======== DATASET RECORDS ========

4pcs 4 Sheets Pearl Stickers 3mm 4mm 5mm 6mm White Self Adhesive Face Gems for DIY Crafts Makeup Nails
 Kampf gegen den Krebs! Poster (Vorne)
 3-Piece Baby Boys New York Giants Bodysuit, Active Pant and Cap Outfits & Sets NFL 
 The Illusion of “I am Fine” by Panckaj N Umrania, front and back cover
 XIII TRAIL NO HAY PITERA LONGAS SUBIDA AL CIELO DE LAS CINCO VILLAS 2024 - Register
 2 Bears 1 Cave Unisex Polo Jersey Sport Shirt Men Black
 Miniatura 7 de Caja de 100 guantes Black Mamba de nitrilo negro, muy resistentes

========

### DIRECTIONS
Give back the complete data exactly as supplied.

### RESPONSE
4pcs 4 Sheets Pearl Stickers 3mm 4mm 5mm 6mm White Self Adhesive Face Gems for DIY Crafts Makeup Nails
 Kampf gegen den Krebs! Poster (Vorne)
 3-Piece Baby Boys New York Giants Bodysuit, Active Pant and Cap Outfits & Sets NFL 
 The Illusion of “I am Fine” by Panckaj N Umrania, front and back cover
 XIII TRAIL NO HAY PITERA LONGAS SUBIDA AL CIELO DE LAS CINCO VILLAS 2024 - Register
 2 Bears 1 Cave Unisex Polo Jersey Sport Shirt Men Black
 Miniatura 7 de Caja de 100 guantes Black Mamba de nitrilo negro, muy resistentes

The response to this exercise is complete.